** Opening Data extract block **

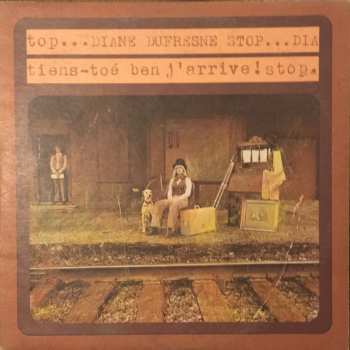 Album Diane Dufresne: Tiens-Toé Ben J'arrive !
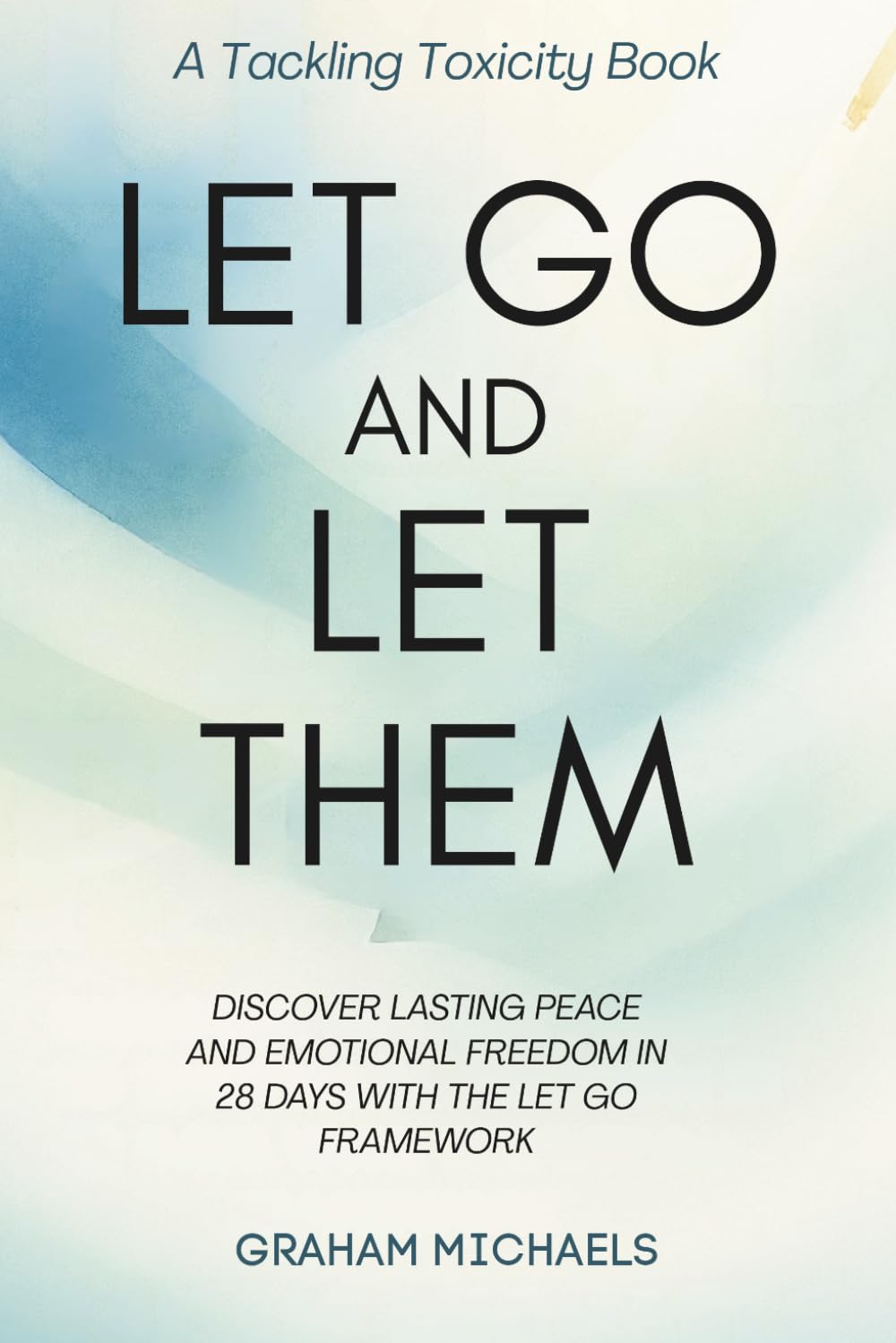 Let Go and Let Them: Discover Lasting Peace and Emotional Freedom in 28 Days with the LET GO Framework (Tackling Toxicity)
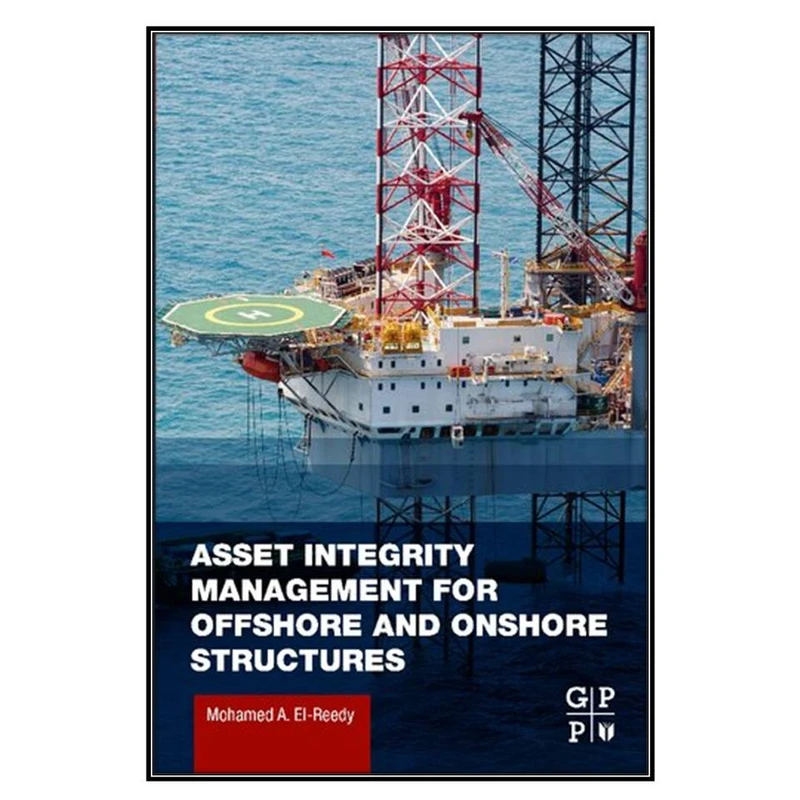  کتاب Asset Integrity Management for Offshore and Onshore Structures اثر Mohamed A. El-Reedy انتشارات مؤلفين طلايي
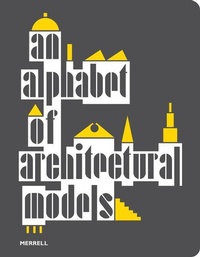 Enlarge image Cover: An Alphabet of Architectural Models - Merrell Publishers Ltd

** Closing Data extract block **

:: Problem to solve ::
Each line above must be repeated exactly in the answer, with pictures omitted.

:: Worked solution ::
 Album Diane Dufresne: Tiens-Toé Ben J'arrive !
 Let Go and Let Them: Discover Lasting Peace and Emotional Freedom in 28 Days with the LET GO Framework (Tackling Toxicity)
  کتاب Asset Integrity Management for Offshore and Onshore Structures اثر Mohamed A. El-Reedy انتشارات مؤلفين طلايي
 Enlarge image Cover: An Alphabet of Architectural Models - Merrell Publishers Ltd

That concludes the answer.